See also the recent example of https://www.slingbox.com/discontinued, which makes this funny pair of claims:
Q: Why is Slingbox being discontinued?
A: We’ve had to make room for new innovative products so that we can continue to serve our customers in the best way possible.
Q: Will Slingbox be releasing any new products?
A: No.
So the investors just accepted to lose $800k while the founder was getting $3.7M?
Can someone explain the logic here?
$500k came from a fund General Catalyst set up specifically to encourage startups to build new businesses that integrate with Stripe. [0]
The goal for the money was to enrich the Stripe ecosystem. Not generating returns for investors.
If the money came from a regular fund without the Stripe affiliation, General Catalyst 100% would not have accepted the $800k loss.
[0] https://www.prnewswire.com/news-releases/general-catalyst-in...
It's pretty obvious the business didn't pan out as well as intended. It's not really worth their time anymore.
Still. They could have caused troubles and tried to recoup their $800k out of the $4M. They were nice not to.
The money will be written as a loss and go through some accounting/tax trick to minimize the effective loss.
Something doesn't make sense. $800k is not a small enough amount for any responsible investment fund to walk away from.
I wonder if maybe it was actually worth way less. I think he said they walked away from their $800k investment, but maybe that was at a much higher valuation. If it was only worth $80k I can see them not bothering.
If it went to the existing employees (they have 7 of them on the About Us page), that's ~$42k per employee.
If the business is >1 year old, it's treated as capital gains. Since the company is >5 years old, he can likely take advantage of the Qualified Small Business Exemption up to $10m and pay no federal taxes.
https://www.investopedia.com/terms/q/qsbs-qualified-small-bu...
So I am super happy to see some real transparency with real numbers and a real talk about the earn out.
I’m unsure which exact BVP and GC funds Baremetrics raised from, but that $800K likely doesn’t matter to either of their returns with funds of that size. Even at $100M, it probably doesn’t matter to a fund. VCs expect over half of their investments to outright fail.
What’s much more important to the VCs is the good will they just built with that founder. Most founders will give back door reference checks to other founders about investors. Josh is likely to say good things about BVP and GC now. Also, they got that mention in his blog post too. It’s likely they knew Josh would write a post like this and chose to just write it off for the “we’re founder friendly” story vs. looking founder unfriendly.

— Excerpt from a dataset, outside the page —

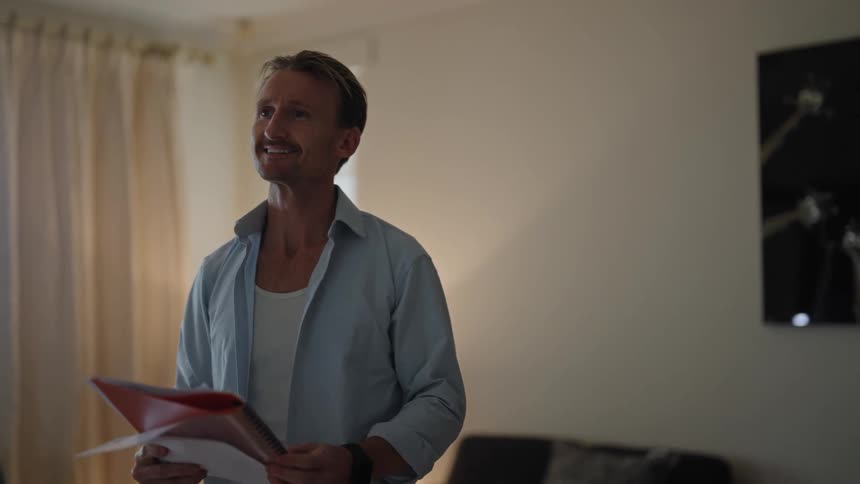 A man paces while practicing a speech in his living room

As a founder, I don’t think there’s anything wrong with what happened here for the investors given their fund sizes. They’re professionals investing other people’s money and expect this type of thing to happen. In fact, most VCs likely expect you to fail. If these were angel investors putting in their own money, I’d have a different opinion.
Did they get anything? It doesn’t sound like it.
What are we missing here?
1. At the end of the day, investors are people too. They may care that the team ends up whole.

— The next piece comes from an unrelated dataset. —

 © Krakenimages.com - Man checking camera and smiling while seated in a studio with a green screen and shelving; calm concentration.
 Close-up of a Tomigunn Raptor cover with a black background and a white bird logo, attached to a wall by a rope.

2. 800k is non-trivial money, but it’s a small percentage of, say, a $100MM VC seed fund. The economics of VC are that some investments will net zero return. While they could have tried to claim back something here, letting go with grace gives them a lot of goodwill to be first to invest in the founder’s next project (assuming there is one).
Some investors are gonna be ruthless sharks. Others are not.
Other startups looking into them will see this. And breaking even might be about the same as taking the thing as a loss in the grand scheme of the VC model to them. I do wonder if other lower profile companies would have gotten the same deal.
I enjoyed even my first impressions at the interview process and I'm happy Josh got a nice payout, congrats!
I do hope Baremetrics transparency continues in some fomr as its a big inspiration.
EDIT: saw that the founder lives in Birmingham, Alabama. So yes, $3.7 million IS a lot of money.
Unless you're doing infrastructure stuff at Netflix, ad work at FB or Google, or some high level stuff at Microsoft you're not making half a million a year, and you're not doing it at a mid-level anything, anywhere.
Addendum: it's very rare to make more than twice the average wage in Belgium as an employee. It's a different matter if you're self employed.
If you're talking finances, Google/Facebook will pay you more, with less risk, and better work life balance than pretty much all startups. There are entirely justifiable reasons to prefer a startup, but you should take a second look at your calculations if you think finances come out favorable on the startup side.
There was a little bit of “pick the rocket ship” gamble - I had an Uber offer that probably would have been ended more like $250k/year, but it’s not unreasonable to get half a mill joining a late stage pre-IPO startup, and base salary is high enough you do it with little risk.
Hell, I know some mid-level post-IPO folks at Square making $700k due to it 10xing in share price.
I was told FAANG-ers make even more than him, so yeah I tend to believe these numbers.
Josh seems to be extremely entrepreneurial and independent (https://joshpigford.com/projects) and maybe being a part of a trillion dollar machine isn't worth the $ to him. He succeeded doing what he wanted to do and that's fantastic.
Admittedly, people's attitudes to work differ immensely and being able to live the entrepreneurial life is a privilege, but from my POV, you only live once, so $3.7m made from several years of doing things your own way would handily beat even $10m made from several years of employment (and neither are guaranteed).
For those who have gone through an acquisition, how much more Josh could have netted if he accepted to stay 2-4 years?
The company could have potentially netted more overall, but I’d say Josh’s take would remain about the same. If nothing else, he’d take on a lot of risk... the potential package could seem higher, but a lot can go wrong over 2-4 years (both personally and with the acquiring company).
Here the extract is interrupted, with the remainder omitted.